Here's an example of targeting variables in practice ... I am predicting the annual probability of a customer purchasing from weighted category 11.
It's a logistic regression equation:
- Logit = -1.851 + 0.018*(weighted category 10 / 1000) + 0.051*(weighted category 11 / 1000) + 0.006*(weighted category 13).
- Annual Response = EXP(Logit) / (1 + EXP(Logit)).
Ok, enough of the geeky stuff.
Let's say you wanted to populate your email campaign with the four most likely categories, sort of like what you see below:
You go into your predictions at a category level:
- Category 01 = 38%.
- Category 02 = 19%.
- Category 03 = 77%.
- Category 04 = 2%.
- Category 05 = 4%.
- Category 06 = 6%.
- Category 07 = 27%.
- Category 08 = 1%.
- Category 09 = 3%.
- Category 10 = 18%.
- Category 11 = 9%.
- Category 12 = 5%.
- Category 13 = 11%.
Clearly, this customer is likely to buy from categories 03 / 01 / 07 / 02, with category 10 a close fifth. Pick an item from these categories, populate your email campaign, and send customers to an appropriate landing page.
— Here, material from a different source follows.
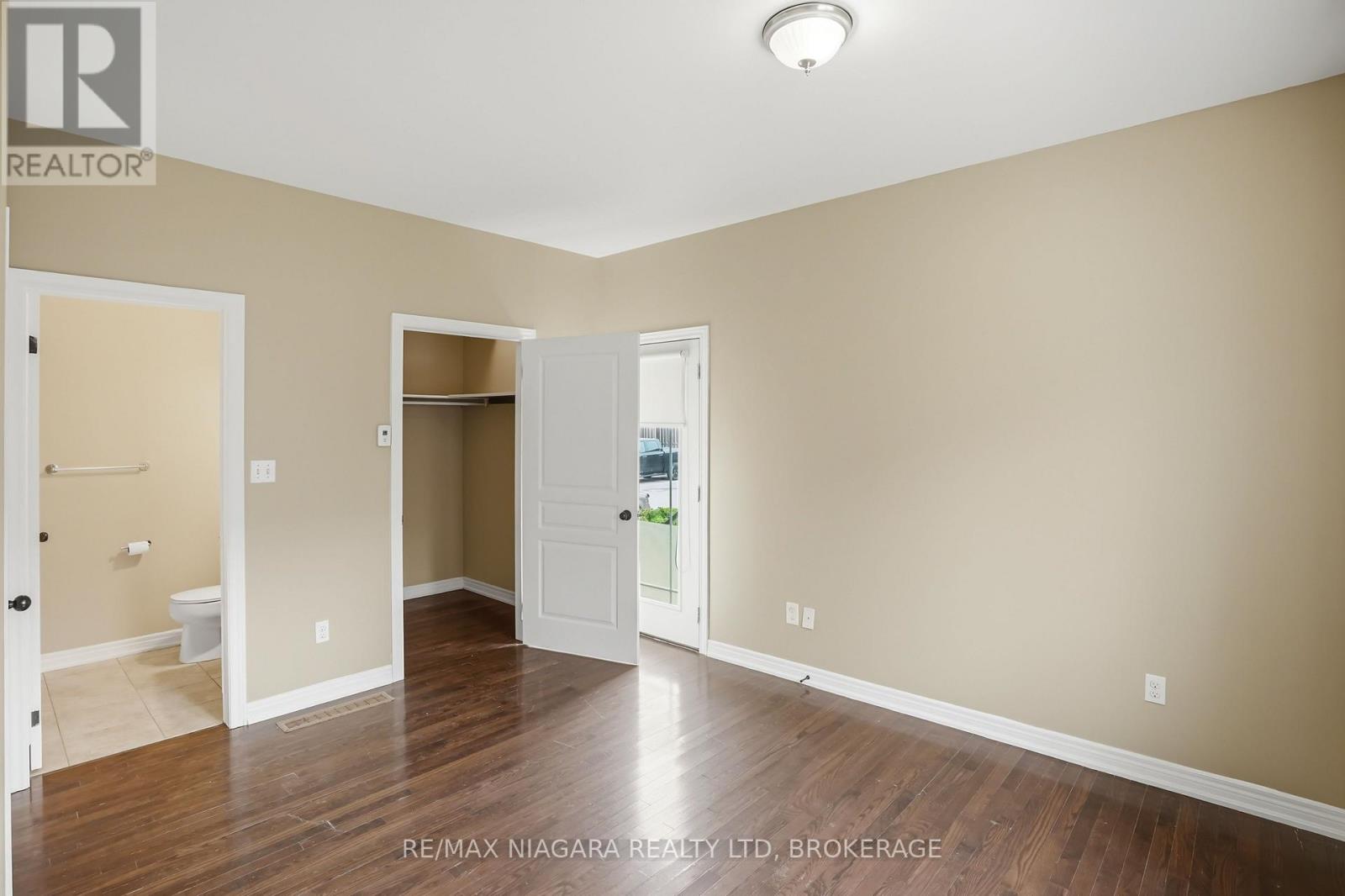 #106 6045 DUNN STREET - 21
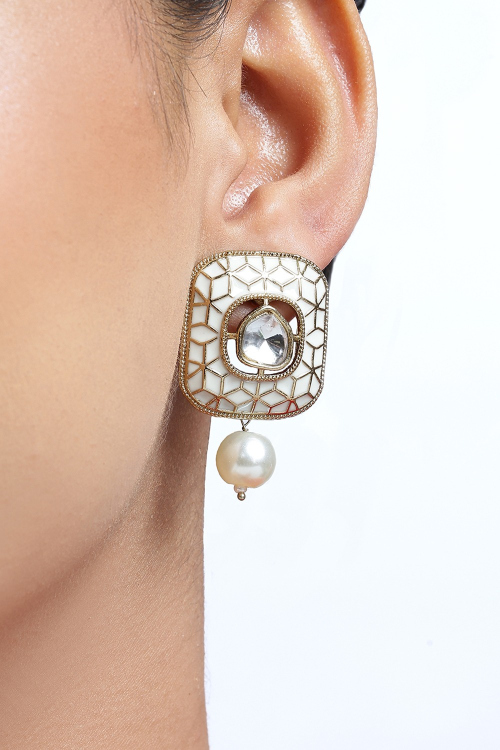 Off White Stud Earrings With Kundan Work For Festival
You can update your scores on a hourly / daily / weekly basis, whatever works for you. Work with your email service provider to populate based on category scores, and you've just improved the productivity of your email campaigns by 20%!
And if you are a catalog marketer, this is how you are going to paginate your personalized merchandise assortment in future catalogs.
Yes - use whatever modeling methodology you like - you don't have to copy my logistic regression structure using weighted variables - use whatever tactic you like.